* **Assignment**: Copy out every line of the data exactly; do not include the images.

(Data entries)
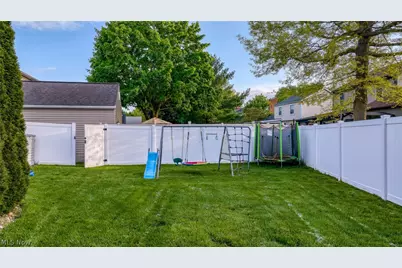 2338 Plymouth Lane, Cuyahoga Falls, OH 44221 - Photo 35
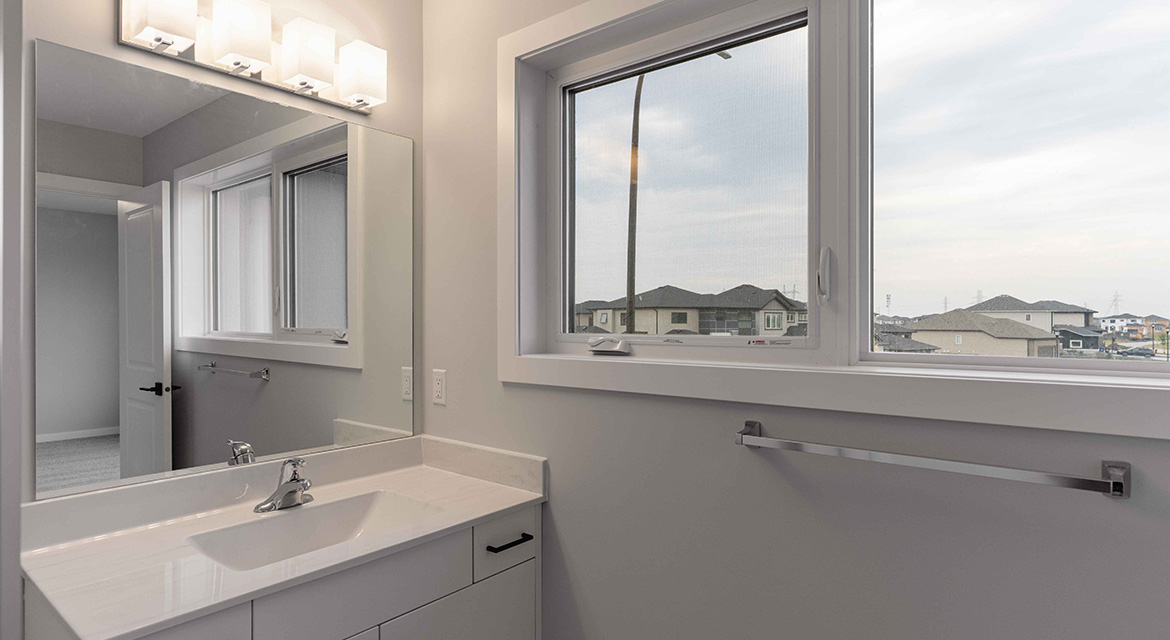 RG106EPrimaryEnsuite2
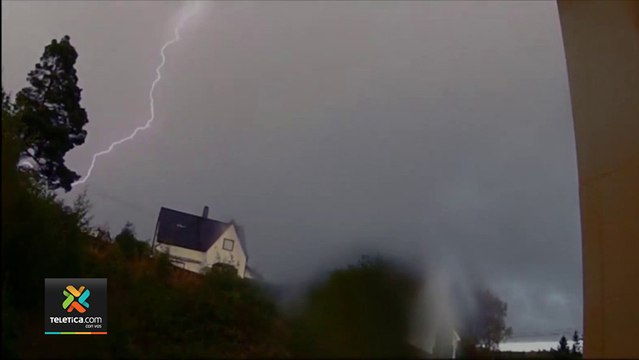 tn7-Cada-24-horas-caen-promedio-1.785-rayos-en-el-país-130721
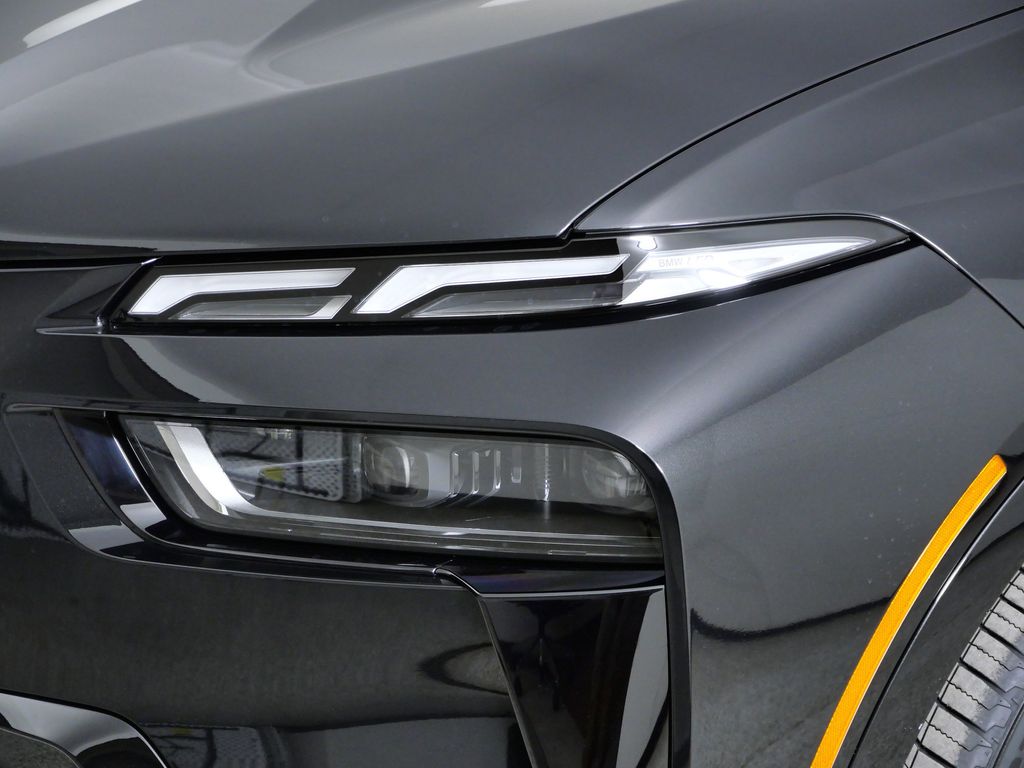 Thumbnail: 2026 BMW X7 - 3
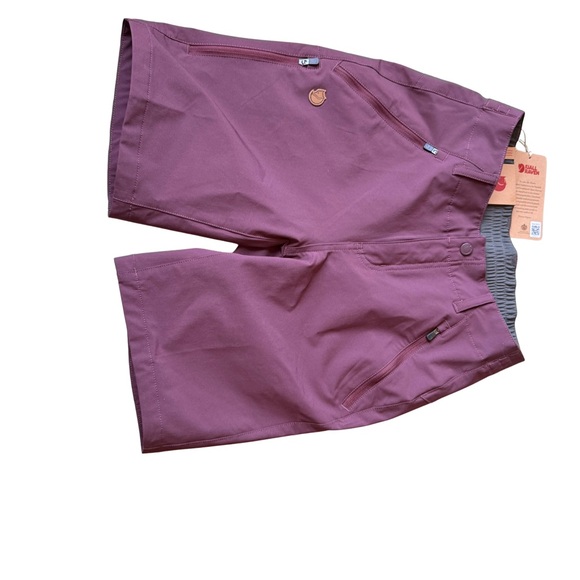 Fjallraven Pants - NWT Ladies Fjallraven Port Abisko Trail Stretch Shorts | 4 (EU 36)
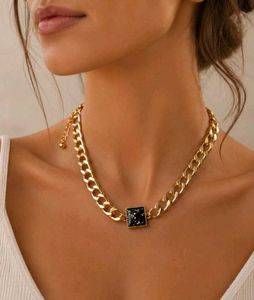 Chunky Gold Chain Necklace with Square Pendant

* **Reply**:
 2338 Plymouth Lane, Cuyahoga Falls, OH 44221 - Photo 35
 RG106EPrimaryEnsuite2
 tn7-Cada-24-horas-caen-promedio-1.785-rayos-en-el-país-130721
 Thumbnail: 2026 BMW X7 - 3
 Fjallraven Pants - NWT Ladies Fjallraven Port Abisko Trail Stretch Shorts | 4 (EU 36)
 Chunky Gold Chain Necklace with Square Pendant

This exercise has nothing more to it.